Task item
Find the line containing "1set (11pcs) Mini" in the entries below. Restate it and each line after it, word for word, up to and including the line containing "Gucci Dionysus GG".
** Provided records follows **
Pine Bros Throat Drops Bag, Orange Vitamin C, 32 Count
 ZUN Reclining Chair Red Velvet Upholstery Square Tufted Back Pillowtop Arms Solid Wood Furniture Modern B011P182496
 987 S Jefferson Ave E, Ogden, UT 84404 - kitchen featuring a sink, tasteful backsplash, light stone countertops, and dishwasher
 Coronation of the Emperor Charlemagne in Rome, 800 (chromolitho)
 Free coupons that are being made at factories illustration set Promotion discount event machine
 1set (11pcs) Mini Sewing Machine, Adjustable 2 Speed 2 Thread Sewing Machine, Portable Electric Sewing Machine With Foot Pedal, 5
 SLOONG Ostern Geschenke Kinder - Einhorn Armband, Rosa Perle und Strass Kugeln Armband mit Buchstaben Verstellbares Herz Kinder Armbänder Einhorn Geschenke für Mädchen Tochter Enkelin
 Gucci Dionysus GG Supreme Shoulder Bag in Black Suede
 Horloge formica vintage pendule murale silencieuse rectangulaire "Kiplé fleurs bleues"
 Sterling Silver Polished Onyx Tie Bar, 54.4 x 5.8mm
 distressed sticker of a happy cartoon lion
** End of Provided records **
Exercise result
 1set (11pcs) Mini Sewing Machine, Adjustable 2 Speed 2 Thread Sewing Machine, Portable Electric Sewing Machine With Foot Pedal, 5
 SLOONG Ostern Geschenke Kinder - Einhorn Armband, Rosa Perle und Strass Kugeln Armband mit Buchstaben Verstellbares Herz Kinder Armbänder Einhorn Geschenke für Mädchen Tochter Enkelin
 Gucci Dionysus GG Supreme Shoulder Bag in Black Suede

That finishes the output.